Chasing those same elusive optics, Republican presidential hopeful and former Florida Gov. Jeb Bush will travel to Central and Eastern Europe this summer. Bush seeks to rise above the political fray and, already looking toward the general election, will cast himself in the role of America’s next commander-in-chief as he visits NATO member states Germany, Poland, and Estonia.
“Bush’s visit gives him a chance to lay out his differences with Obama, a Democrat, particularly when it comes to NATO, with alliance members Poland and Estonia both watching events in Ukraine with alarm,” Reuters reported. “In Germany, the former Florida governor will address the governing Christian Democratic Union economic conference, said the aide, who requested anonymity. In Poland and Estonia, Bush will meet government and business leaders as well as leaders of civic and non-governmental organizations.”
Quite unlike 2012, the familiar sense of unease that accompanies the prelude to war has returned to Eastern Europe.
Disturbing reports out of Poland indicate that citizens are readying for war, organizing into militias, and training for the inevitable Russian invasion that they were fortunate enough to avoid in 1981. “Poland should be armed to be able to defend itself as long as possible,” former National Security Advisor Zbigniew Brzezinski told a Polish news outlet in March. “There is no reason to wait; we have to act.” And they are not. In January, the government issued a nearly 100-page handbook providing citizens with information on how to both survive and resist a foreign occupation.

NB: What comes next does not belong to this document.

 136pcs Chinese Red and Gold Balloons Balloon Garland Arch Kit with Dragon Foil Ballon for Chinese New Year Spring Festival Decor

In Estonia, with a Russian-led war engulfing a fellow former Soviet Republic just a few miles to the south, NATO forces are again training for combat in the territories that once made up the Warsaw Pact. But the infantry battalions and Abrams tanks engaging in live fire exercises in Lithuania aren’t enough to assuage fears in the Baltics. “Estonia sees that a more long-term stationing of European allies in Estonia and the Baltic region could be led by Germany,” Estonian Prime Minister Taavi Roivas said last week. “We are very grateful that German airplanes are protecting Estonian airspace.”

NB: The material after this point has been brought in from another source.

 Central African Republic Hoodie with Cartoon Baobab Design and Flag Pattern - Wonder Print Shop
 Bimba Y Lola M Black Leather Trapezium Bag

And it is in Germany that the frontlines in the West’s new war against Russia are set. Berlin is the hinge upon which the West’s financial conflict with Russia swings. If the European Union’s economy begins to buckle, so too will the West’s unified front against Russian aggression. “European sanctions are definitely having an impact on [Russian President Vladimir] Putin’s Russia, but we can afford these sanctions only because, and as long as we have a strong economy,” German Finance Minister Wolfgang Schaeuble told scholars at a Brookings Institution conference this month. “The long-term conflict [with Russia] will be decided only on the basis of economic strength.”

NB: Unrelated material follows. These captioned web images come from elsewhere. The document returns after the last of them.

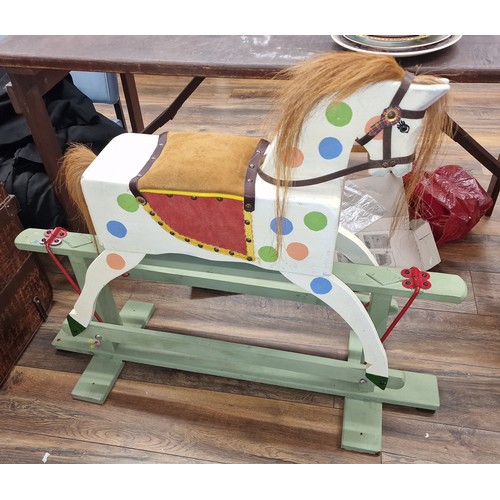177 - Old childs wooden rocking horse in VG condition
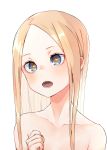  1girl abigail_williams_(fate/grand_order) absurdres bangs blonde_hair blue_eyes blush breasts collarbone fate/grand_order fate_(series) forehead highres kopaka_(karda_nui) long_hair looking_at_viewer open_mouth parted_bangs simple_background small_breasts solo white_background 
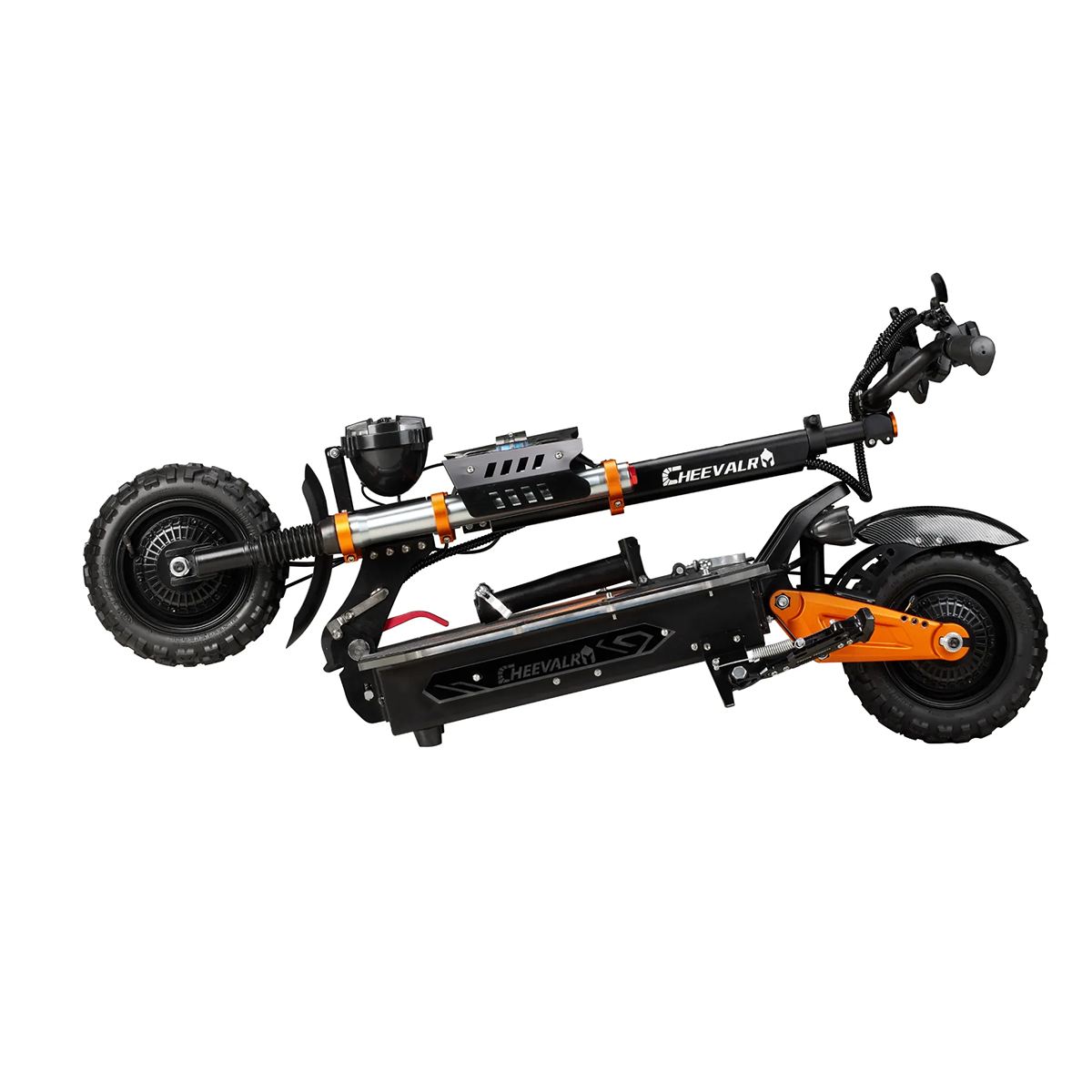 Czarno-pomarańczowa hulajnoga elektryczna z dużymi oponami, marki 'HEEVALR'. Hulajnoga na białym tle, ustawiona pod kątem z boku.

The Central and Eastern Europe that Romney toured was one scarred by war, but it was also healing and characterized by vibrancy and dynamism. Today, those scars are bleeding afresh, torn open by Russian aggression. The Europe that Jeb Bush will tour in June and might inherit as President of the United States is a vastly more dangerous place than just three years ago. It is a suboptimal condition owing to the current president’s naiveté and incaution, and Bush will find the American political press even less willing to acknowledge Barack Obama’s failures in 2015 than they were in 2012. Jeb Bush shouldn’t expect the hopelessly shallow political press to have acquired some appreciation for the generations who lived and died before them in the last three years, but he can anticipate that the American public’s apprehensions will be heightened. Like the Poles, the Estonians, and even the Germans, American voters are also wearily eyeing the Eastern Front.
For Jeb Bush, his forthcoming tour of Europe is both an opportunity and an obligation. Though it certainly is one, this trip and its implications are far too important to allow reporters to confuse it for a campaign event.